L’ironie ici, donc, est que le désir compréhensible de blâmer Elon Musk ou Tommy Robinson pour avoir attisé les flammes provient d’un état émotionnel proche de ce désir initial de trouver une explication plus large à l’attaque au couteau. Blâmer Musk ou même Vladimir Poutine « rationalise et soulage » les craintes que beaucoup d’entre nous ressentent maintenant face aux scènes de désordre que nous avons été témoins. Pour la majorité des Britanniques qui sont horrifiés par la violence, l’histoire selon laquelle c’est la faute de quelqu’un d’autre est une explication attrayante, surtout si les ficelles sont tirées de l’étranger. Cela aide également à expliquer pourquoi il y a de plus en plus de cas de personnes blâmant non seulement de mauvais milliardaires et des individus brutaux mais aussi « les sionistes ». Pour ces antisémites, aucune explication, vérification des faits ou conférence ne les convaincra que les émeutes ne font pas partie d’un complot plus important et inquiétant. 

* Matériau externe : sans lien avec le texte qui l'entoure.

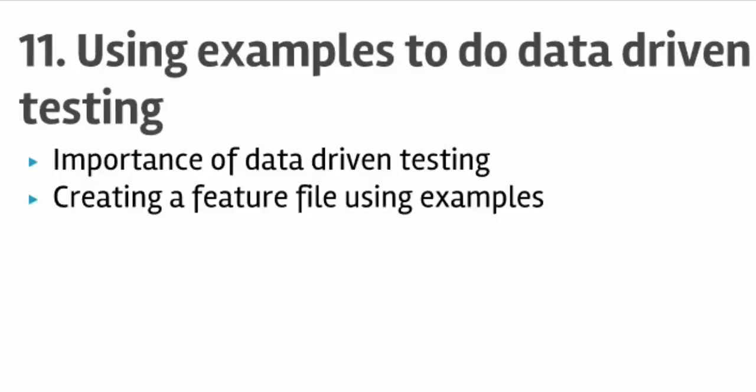Hello friends, welcome to lecture number 11. In this lecture you will learn how to do data-driven testing in Cucumber using examples and scenario outline concept.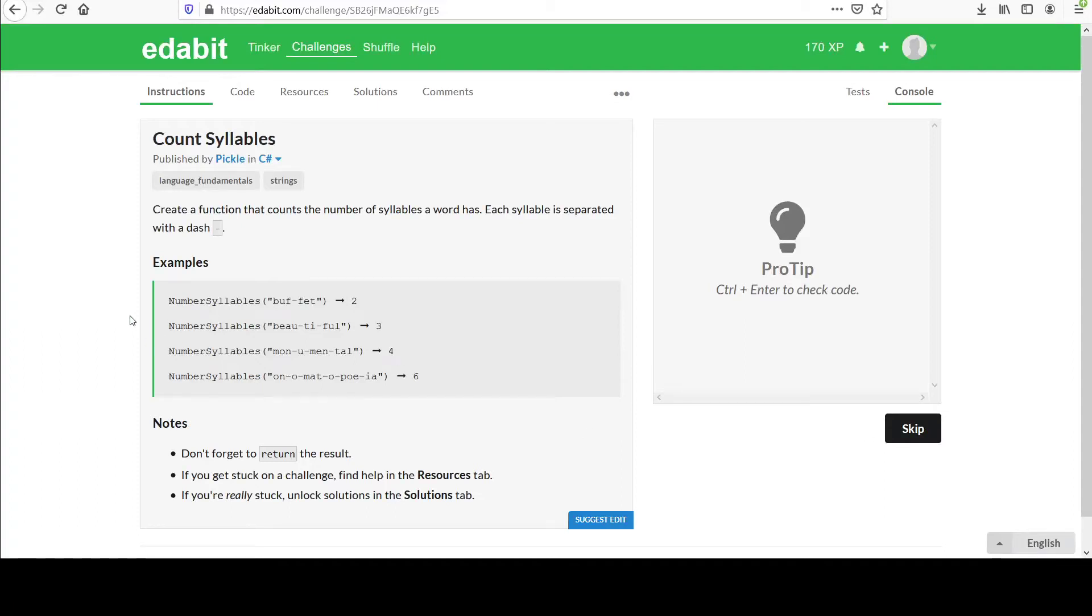Hi, welcome to your next challenge entitled count syllables. You are to create a function that counts the number of syllables a word has. Each syllable is separated with a dash.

Et les gens feront presque n’importe quoi pour ne pas changer leurs croyances déjà établies. « Un grand nombre de travaux montrent que les gens essaient de réduire la dissonance cognitive en niant des affirmations qui contredisent leurs croyances les plus profondes », comme le dit Sunstein. Cela est tout aussi vrai pour ceux qu’il appelle « les gens sensibles » que pour « les gens déraisonnables ». Pour les déraisonnables, l’extraordinaire participation aux manifestations antifascistes de mercredi ne les fera pas renoncer à leur conviction fondamentale qu’ils font partie de la majorité silencieuse. Pour les sensibles, en revanche, la dissonance cognitive réside dans la gestion de ce que mon collègue Aris Roussinos a appelé le « conflit ethnique », évident dans certains des émeutes. 

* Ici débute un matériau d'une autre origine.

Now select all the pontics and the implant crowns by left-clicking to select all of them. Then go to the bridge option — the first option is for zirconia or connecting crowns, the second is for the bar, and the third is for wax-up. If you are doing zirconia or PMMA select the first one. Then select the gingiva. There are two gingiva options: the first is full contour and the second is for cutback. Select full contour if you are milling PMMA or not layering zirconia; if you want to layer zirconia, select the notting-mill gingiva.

De même, les croyances antérieures des émeutiers aident à expliquer pourquoi la rumeur initiale discréditée concernant les antécédents de l’attaquant a été si rapidement remplacée par un second grief : la prétendue justice « à deux vitesses » au Royaume-Uni. Alors que cette accusation a gagné en importance, Keir Starmer a cherché à l’anticiper. Et pourtant, tout comme le décrit Sunstein, le fait que Starmer ait nié l’accusation n’a fait que la confirmer pour de nombreuses personnes. 

Le danger pour le gouvernement aujourd’hui est qu’il répète les erreurs du conseil municipal de Barking et Dagenham en insistant dans sa tentative de réfuter les croyances des gens avec des faits et des chiffres. Sunstein montre que même exposer les gens à des « informations équilibrées » ne fonctionne pas et, en fait, ne fait que rendre les gens plus attachés à leur croyance originale. 

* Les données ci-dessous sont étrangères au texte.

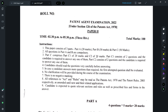Hello everyone. As you all know, the patent agent examination was held on May 8th, and I thought I should share my views regarding how the various questions of the patent agent examination were to be answered. In this video I'll be dealing with Paper 2 and provide my views regarding what could be the ideal answers for the various questions in Paper 2.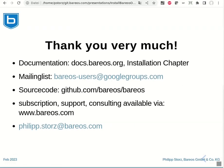That's all for today. Thank you very much for listening. For more information, please check the documentation on docs.bareos.org. You can always check our mailing list Bareos users at googlegroups.com. Our source code is available at GitHub and we have subscription support and consulting services available on bareos.com. Thank you very much and goodbye.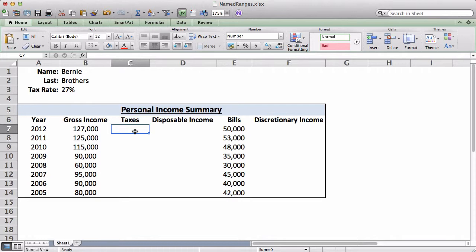So anyways, an example I have right now is a personal income summary of Bernie Brothers. Let's just say I'm doing some research about him on his income. So I want to see his gross income, his disposable income, and his discretionary income.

Pour illustrer son propos, il cite une étude impliquant des opinions sur la peine de mort. « Après avoir lu les études opposées, les deux camps ont rapporté que leurs croyances avaient évolué vers un engagement plus fort envers ce qu’ils pensaient avant d’avoir fait cela. » En d’autres termes, nous sommes maintenant susceptibles de voir un durcissement des attitudes au Royaume-Uni parmi, d’une part, ceux qui croient que le multiculturalisme est une sorte de menace et, d’autre part, ceux qui croient que ce sont ceux qui s’opposent au multiculturalisme qui représentent la menace. 

Comme McSweeney l’a compris lorsqu’il était à Barking, la chose clé n’est pas ce qui est dit, mais qui le dit. Le fait que Starmer ait déjà été étiqueté « Keir à deux vitesses » et — selon les sondages — ne soit pas considéré comme ayant bien géré cette crise, devrait alarmer le gouvernement. Le danger n’est pas que les émeutiers aient cessé de l’écouter — après tout, ce sont des criminels et ils devraient être en prison. Le danger est qu’un groupe de personnes beaucoup plus large cesse de l’écouter. 

La leçon la plus importante que McSweeney a tirée de Barking, cependant, et la plus difficile pour Starmer, est de prouver que l’État fonctionne pour tout le monde, même lorsqu’il n’y a pas d’argent. C’est une tâche bien plus grande que de vaincre le BNP à Barking. 


Tom McTague is UnHerd’s Political Editor. He is the author of Betting The House: The Inside Story of the 2017 Election.